:: What is expected ::
Each entry is to be given again exactly; drop the images.

**** Data

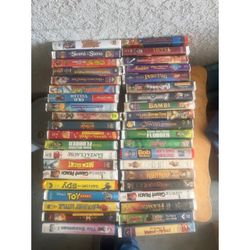 40 Disney VHS movies take all only $40
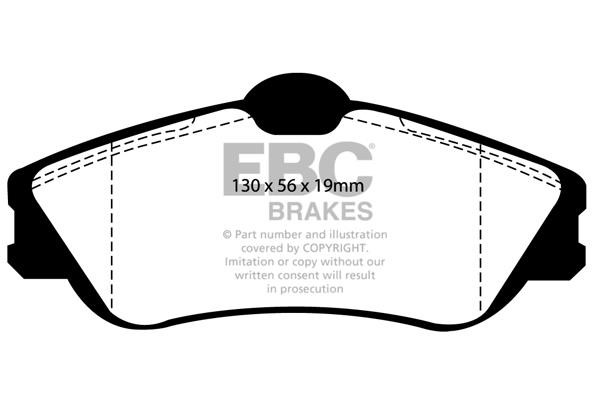 EBC DP21346 Brake pad set DP21346 DP21346 EBC Brake pad set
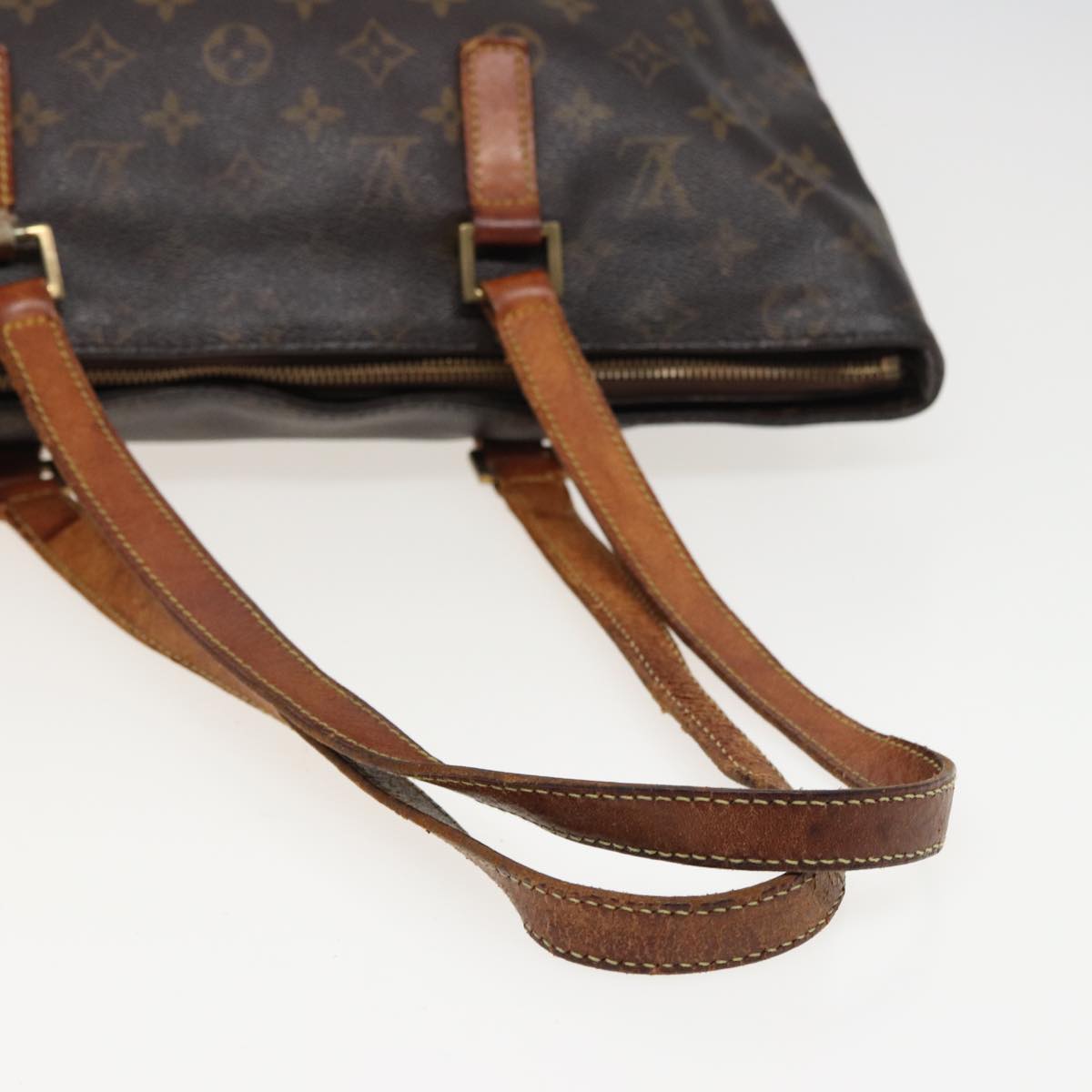 LOUIS VUITTON Monogram Cabas Mezzo Tote Bag M51151 LV 77943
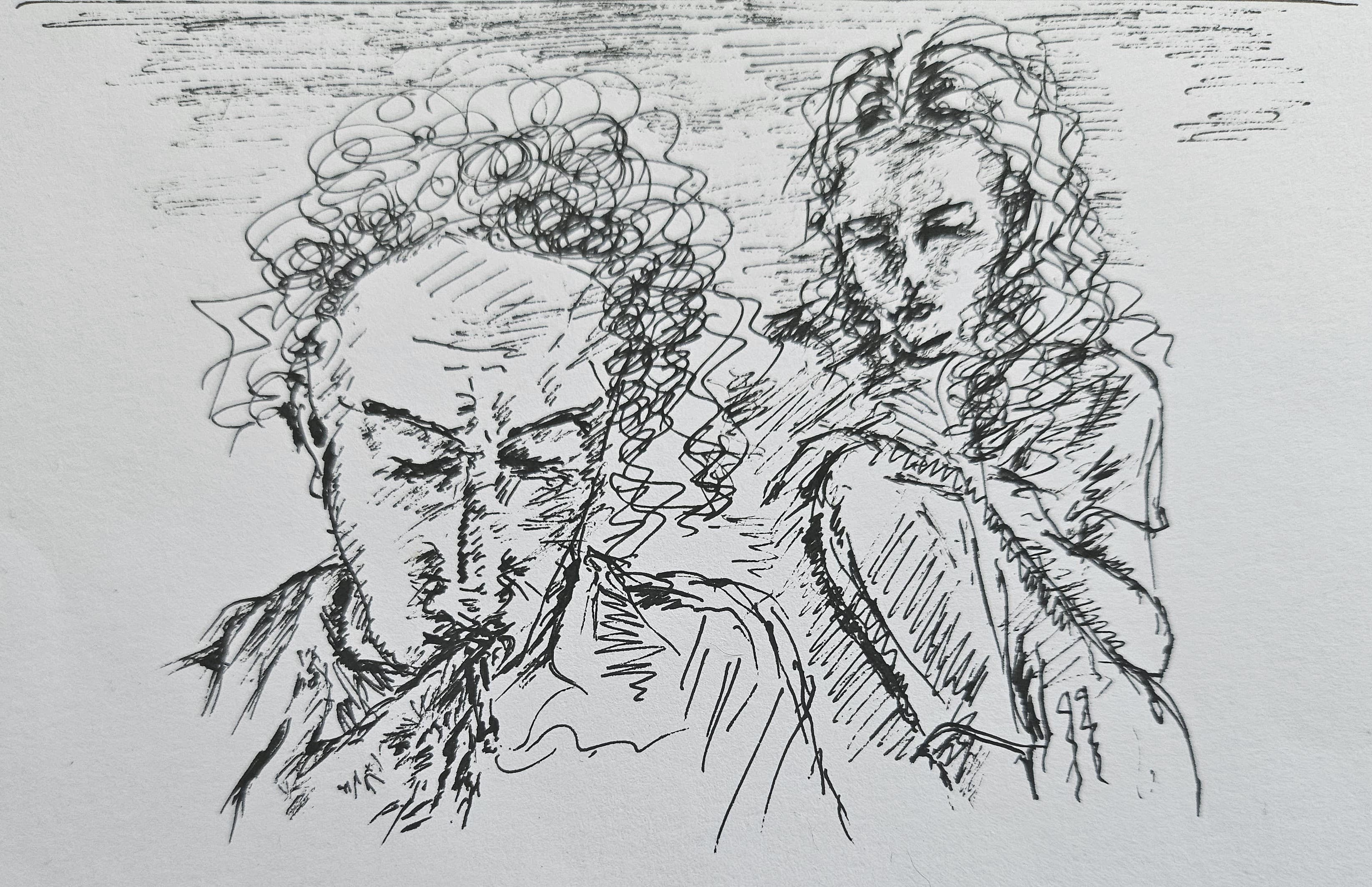 Two people in meaningful conversation, representing the difference between talking and being truly heard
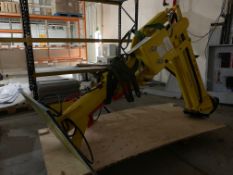 DALMEC manipulator, max load 140 kg, YoM 1998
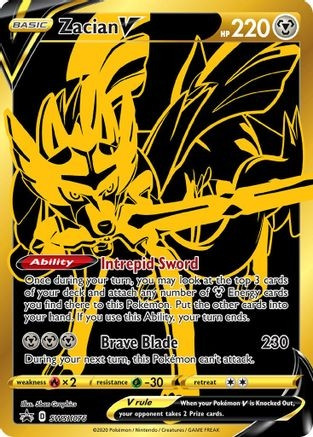Zacian V - SWSH076 (PTCG-SWSD) (Holofoil) (#SWSH076)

********

:: Response to the exercise ::
 40 Disney VHS movies take all only $40
 EBC DP21346 Brake pad set DP21346 DP21346 EBC Brake pad set
 LOUIS VUITTON Monogram Cabas Mezzo Tote Bag M51151 LV 77943
 Two people in meaningful conversation, representing the difference between talking and being truly heard
 DALMEC manipulator, max load 140 kg, YoM 1998
Zacian V - SWSH076 (PTCG-SWSD) (Holofoil) (#SWSH076)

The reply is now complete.